▶ _WORK INSTRUCTIONS_: Give the data below again exactly, and drop each picture from it.

Stored data entries:

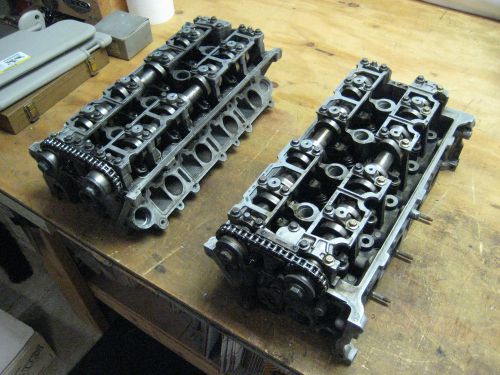 1993-1998 cobra mustang 4.6 twin cams dohc cylinder heads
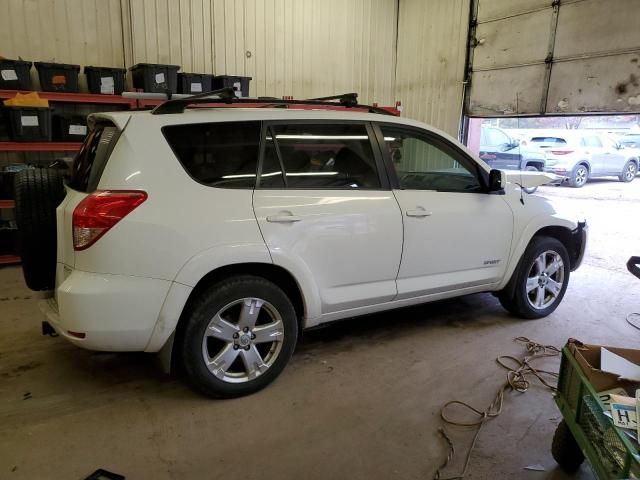 2008 Toyota Rav4 Sport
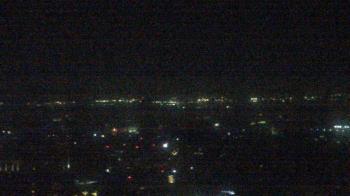 Weather camera view of Amegy Bank of Texas.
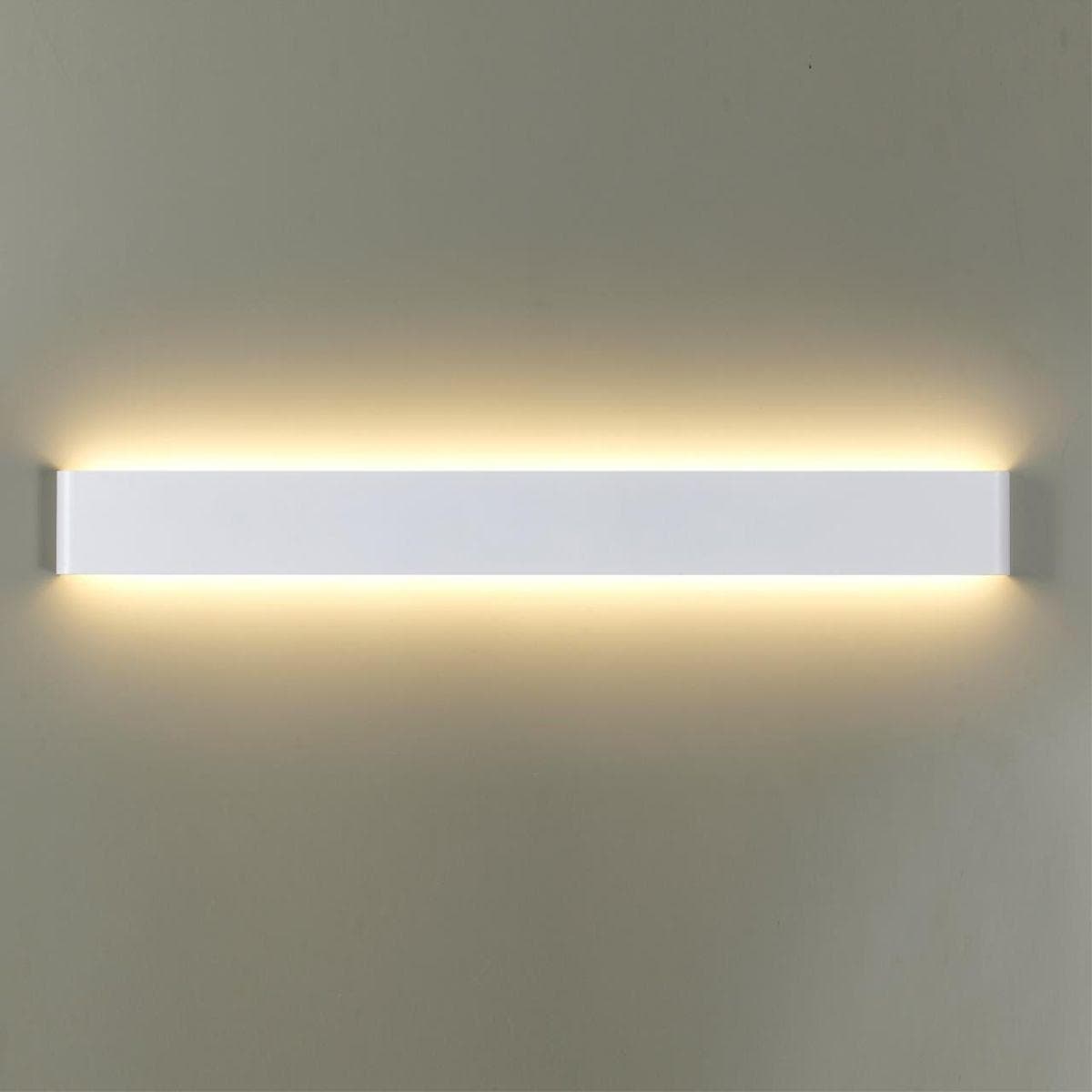 Odeon Light 4293/30WL HIGHTECH ODL22 149 белый/металл Настенный светильник IP20 LED 30W 2834Лм 3000K FRAMANT — миниатюра 3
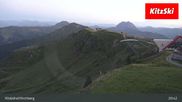 Archiviertes Webcam Bild: Kitzbühel: Pengelstein am 13.08.2026 um 05:28 Uhr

▶ _SOLUTION TO THIS PROBLEM_:
 1993-1998 cobra mustang 4.6 twin cams dohc cylinder heads
 2008 Toyota Rav4 Sport
 Weather camera view of Amegy Bank of Texas.
 Odeon Light 4293/30WL HIGHTECH ODL22 149 белый/металл Настенный светильник IP20 LED 30W 2834Лм 3000K FRAMANT — миниатюра 3
 Archiviertes Webcam Bild: Kitzbühel: Pengelstein am 13.08.2026 um 05:28 Uhr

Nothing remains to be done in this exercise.